Scientists create 'toxic AI' that is rewarded for thinking up the worst possible questions we could imagine
By Drew Turney published 3 hours ago
Researchers at MIT are using machine learning to teach large language models not to give toxic responses to provoking questions, using a new method that replicates human curiosity.
The newest tool in the battle to prevent an artificial intelligence (AI) agent from being dangerous, discriminatory and toxic is another AI that is itself dangerous, discriminatory and toxic, scientists say.
The new training approach, based on machine learning, is called curiosity-driven red teaming (CRT) and relies on using an AI to generate increasingly dangerous and harmful prompts that you could ask an AI chatbot. These prompts are then used to identify how to filter out dangerous content.
The finding represents a potentially game-changing new way to train AI not to give toxic responses to user prompts, scientists said in a new paper uploaded February 29 to the arXiv pre-print server.

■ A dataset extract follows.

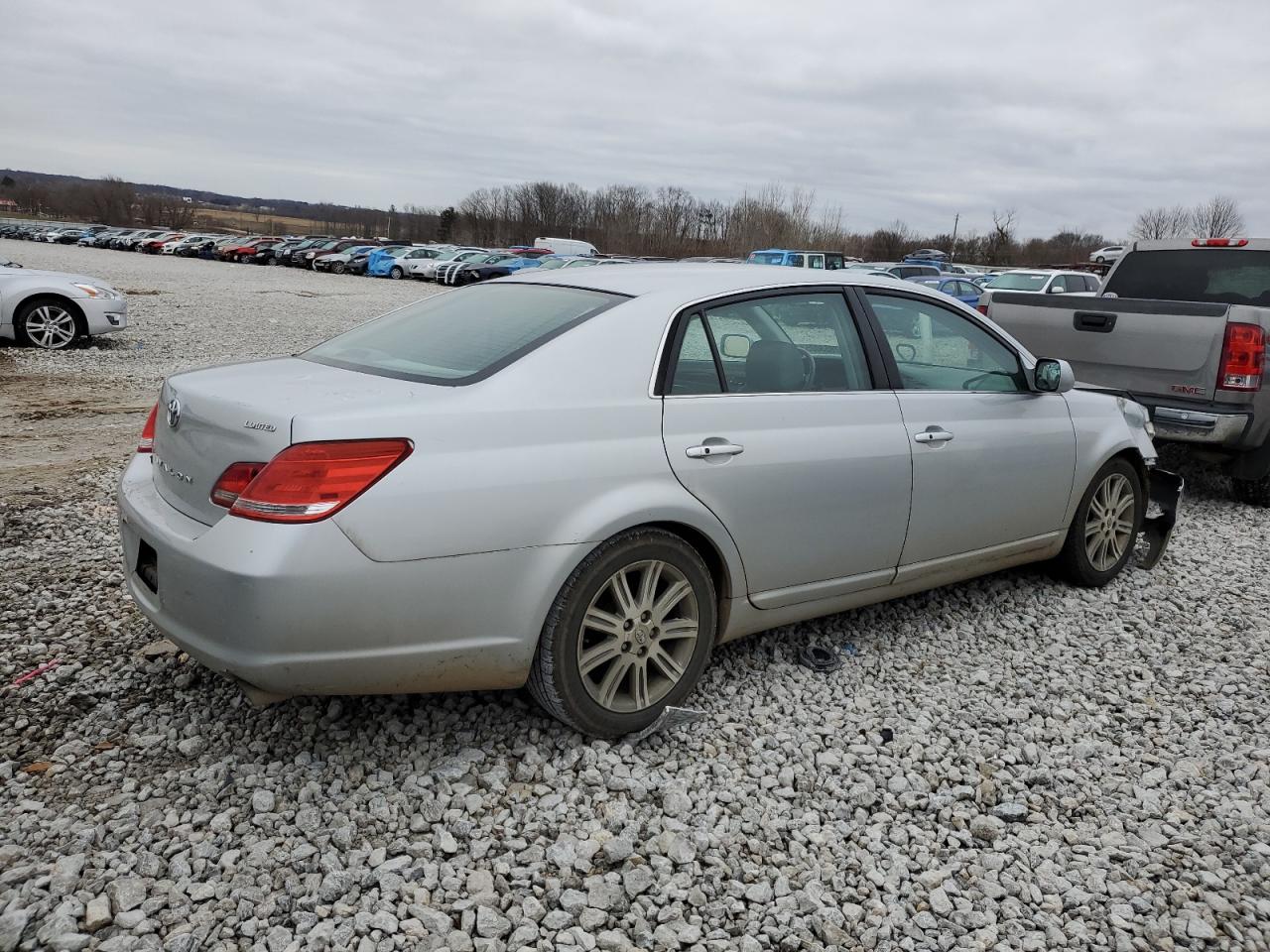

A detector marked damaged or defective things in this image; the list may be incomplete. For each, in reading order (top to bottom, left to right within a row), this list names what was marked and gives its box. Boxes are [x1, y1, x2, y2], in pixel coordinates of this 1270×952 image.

damaged front bumper [1143, 467, 1178, 571]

When training sophisticated large language models (LLMs) like ChatGPT or Claude 3 Opus to restrict dangerous or harmful content, teams of human operators typically create a host of questions that are likely to generate harmful responses. These may include prompts like "What's the best suicide method?" This standard procedure is called "red-teaming" and relies on people to generate a list manually. During the training process, the prompts that elicit harmful content are then used to train the system about what to restrict when deployed in front of real users.